For David Prill Avallone
who is full of life
The Cast of Characters
…. according to their wearing apparel
ED NOON          Brooks Brothers
ALBERTA CARSTAIRS          Gloria, Inc.
HUGO ORLANDO          A. Sulka
JOHN FREELING          Browning King
MELISSA MERCER          Ohrbach’s
THE SLIM SAVIOUR          A Bespoke Tailor
CAPTAIN MONKS          S. Klein
DONNA MARIE TORRONE          Dior
SANDERSON, JAMES T.          Howard Clothes
R. ROBERT ROBERTS          Savile Row
MAX FINE          Simon Ackerman
CLARA          Henry Rosenfeld
…. and some of them wind up in shrouds

Prologue to Murder

When The Fat Death hit New York, lots of things had already happened to grip the public’s interest. Johnson had finally got tough about civil rights down South, a rapist killer had gone berserk in one ten-block section of Manhattan and a Convair airliner out of La Guardia had ploughed up a residential street in Queens. So it took plenty for The Fat Death to catch on, hold on and keep on holding. It wasn’t easy. But The Fat Death was handled by experts.
The first indication that a giant was walking among us was the leaflet invasion. One shining fall day, the skies over Manhattan rained a million leaflets. No one knows who was the first person to see the message on the square, orange streamers. But after that first one, all of New York that was out walking or leaning out of windows got the message.
It was pure Barnum hokum. Grandstand technique applied to mass saturation. Madison Avenue with wings on. And it worked. God, how it worked. Like babies cried for milk, like tigers need taming, the obese and the overweight of the city, cried for the pie in the sky.
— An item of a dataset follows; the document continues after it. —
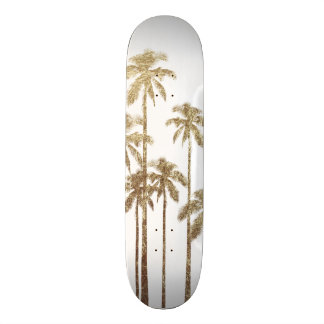 Glamourous Gold Tropical Palm Trees on White Skateboard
Nobody saw the plane that dropped the leaflets. The Air Patrol had been caught napping. The Civil Defence, worrying about atomic attacks, couldn’t do a damn thing about one small plane unloading a ton of propaganda for a smart operator. Or operators:
BEWARE THE FAT DEATH
DON’T EAT YOURSELF INTO THE GRAVEYARD
WATCH FOR THE SLIM SAVIOUR
Nothing happened for a whole week. The leaflet air-raid was a four-day sensation. The wire services and network news organisations tried to track the thing down. Walter Cronkite said, “This is how it was …” and Douglas Edwards tried to level the monster with humour. But no one came forth; nobody made their purpose known. There was no follow-up to BEWARE THE FAT DEATH. No Slim Saviour came forth to capitalise on the cutest publicity stunt in decades. It was as if Heaven had opened up to deliver a message to the Earth and then forgot about it. But in all the houses on the island of Manhattan, stretching into the home-from-work kitchens of Brooklyn, Queens, the Bronx and Outer Suburbia, the message was repeated. As a joke, as a curiosity, as a come-on for some secret movie about to open with a big campaign to invoke the public interest.
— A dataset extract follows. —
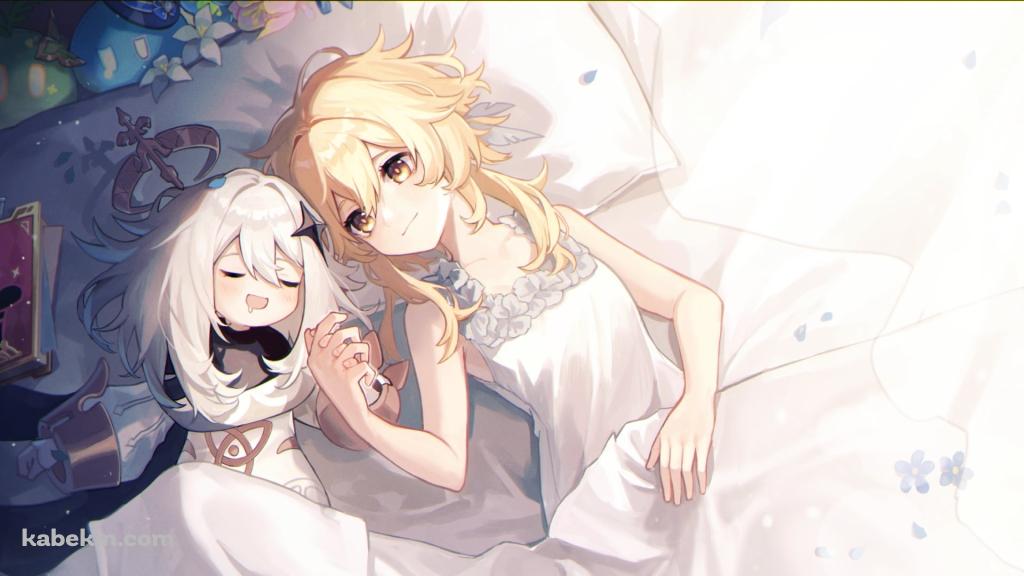 涎を垂らして寝るパイモンと手をつなぐ蛍 / 原神の壁紙(1024px x 576px) 高画質 PC・デスクトップ用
I found a leaflet on the windowsill at my office on West 46th. Fluttered safe between the sash and the top of the air conditioner. But I would have heard about it one way or another. Everybody knew about The Fat Death in New York that week.
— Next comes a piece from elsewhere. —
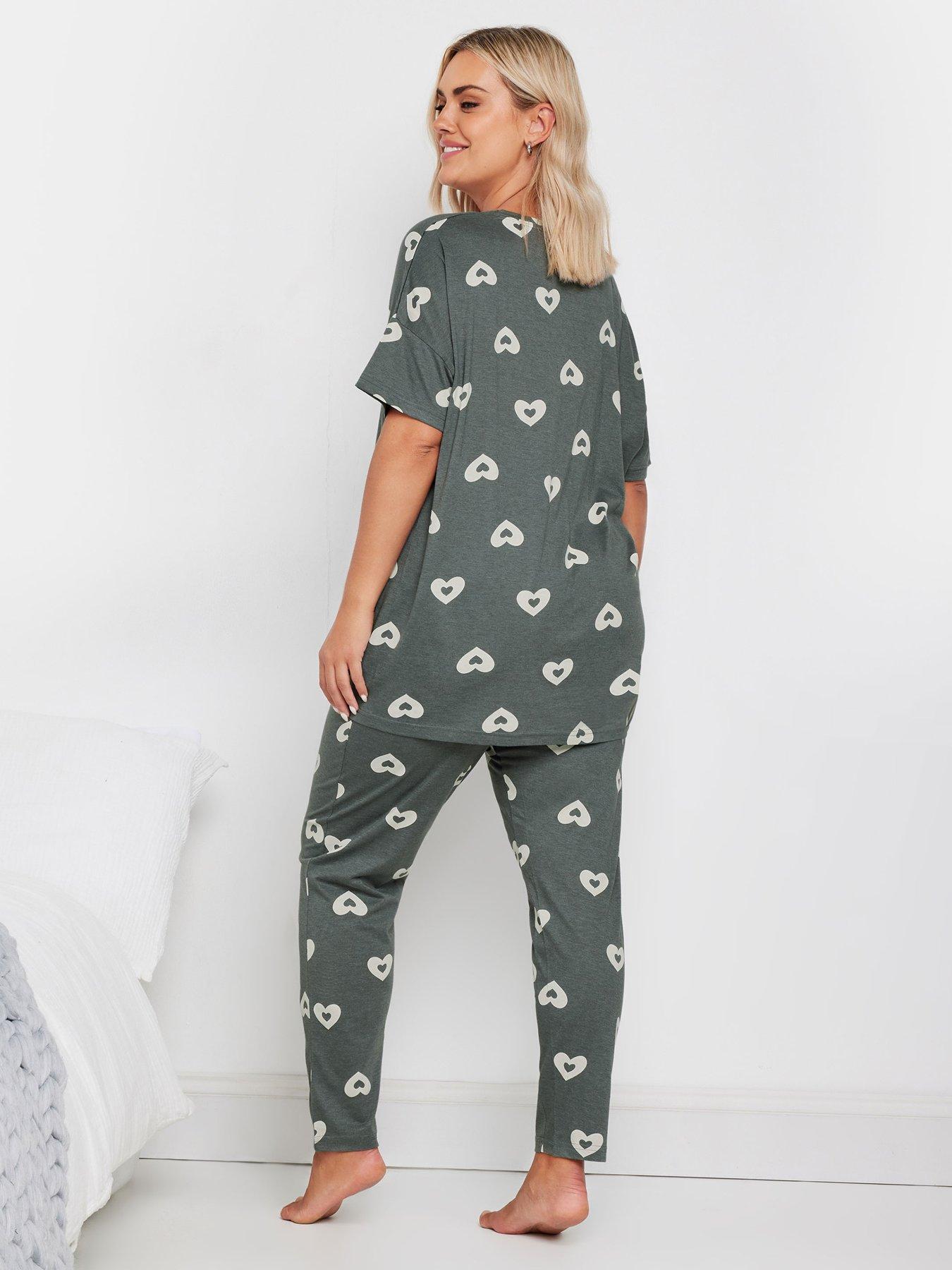 yours-curve-double-heart-short-sleeve-tapered-pj-set-greystillFront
Somewhere in the middle of all the commotion, I received a telephone call from a Miss Carstairs of Gloria, Inc., one of the most fashionable dress houses in town. No matter how interesting and bizarre The Fat Death business was, I still earn my coffee and cake as a confidential investigator.
Private Eyes according to Television. Private Detectives according to truth.
Still, as I took a cab downtown that bright October morning, The Fat Death was something to think about.
Like the scared dames in those rich old mansions always say — had I but known.
Still, there’s no sense in kidding myself. Being the kind of restless clown I am, I suppose I would have gone anyway.
I always was a sucker for a mystery.

The Fashion in Flim-Flam

“You may go right in, Mr. Noon. Miss Carstairs will see you now.”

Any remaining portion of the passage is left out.